Thomas Hobbes, one of the most important figures in the history of political philosophy, is still widely regarded as a predominantly secular thinker. Yet a great deal of his political thought was motivated by the need to address problems of a distinctively religious nature. This is the first collection of essays dedicated to the complex and rich intersections between Hobbes's political and religious thought. Written by experts in the field, the volume opens up new
directions for thinking about his treatment of religion as a political phenomenon and the political dimensions of his engagement with Christian doctrines and their history. The chapters investigate his strategies for showing how his provocative political positions could be accepted by different
religious audiences for whom fidelity to religious texts was of crucial importance, while also considering the legacy of his ideas and examining their relevance for contemporary concerns. Some chapters do so by pursuing mainly historical inquiries about the motives and circumstances of Hobbes's writings, while others reconstruct the logic of his arguments and test their philosophical coherence. They thus offer wide-ranging and sometimes conflicting assessments of Hobbes's ideas, yet they all
demonstrate how closely intertwined his political and religious preoccupations are and thereby showcase how this perspective can help us to better understand his thought.

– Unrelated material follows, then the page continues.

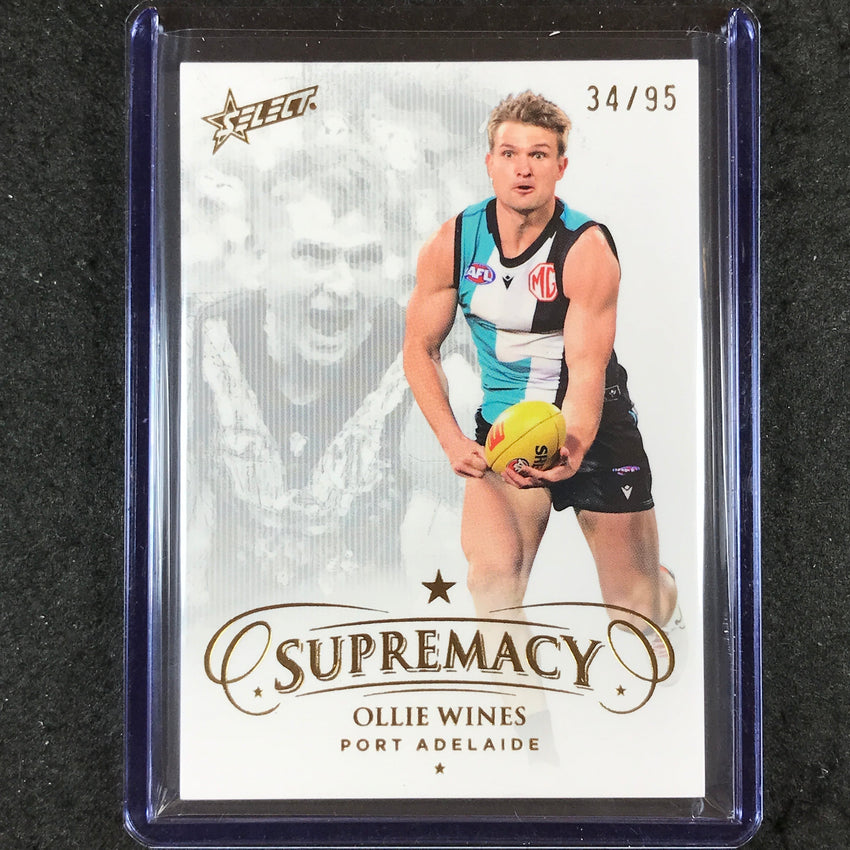 2024 Select AFL Supremacy OLLIE WINES Gold 34/95 #117
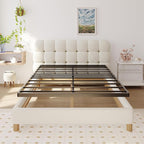 King Box Spring Bed Base 2 Inch, Low Profile Metal Box Spring King Bunkie Board 2 Inch, 3000 Lbs Max Weight Capacity Mattress Foundation, Noise-Free, Easy Assembly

Laurens van Apeldoorn is Assistant Professor of Philosophy and a member of the Centre for Political Philosophy at Leiden University, the Netherlands. He has held visiting appointments at the University of Toronto, the University of Montreal, King's College London, and the University of Leuven. His research has appeared in journals including Archiv fur Geschichte der Philosophie, History of European Ideas, and Hobbes Studies. Robin Douglass is Senior Lecturer in Political Theory in the Department of Political Economy, King's College London. Before arriving at King's, he studied at the Universities of York and Exeter. His research focuses on seventeenth- and eighteenth- century political philosophy. He is the author of Rousseau and Hobbes: Nature, Free Will, and the Passions (2015) and has recently published articles in journals including the American Journal of Political Science, History of Political Thought, European Journal of Political Theory, and The Review of Politics.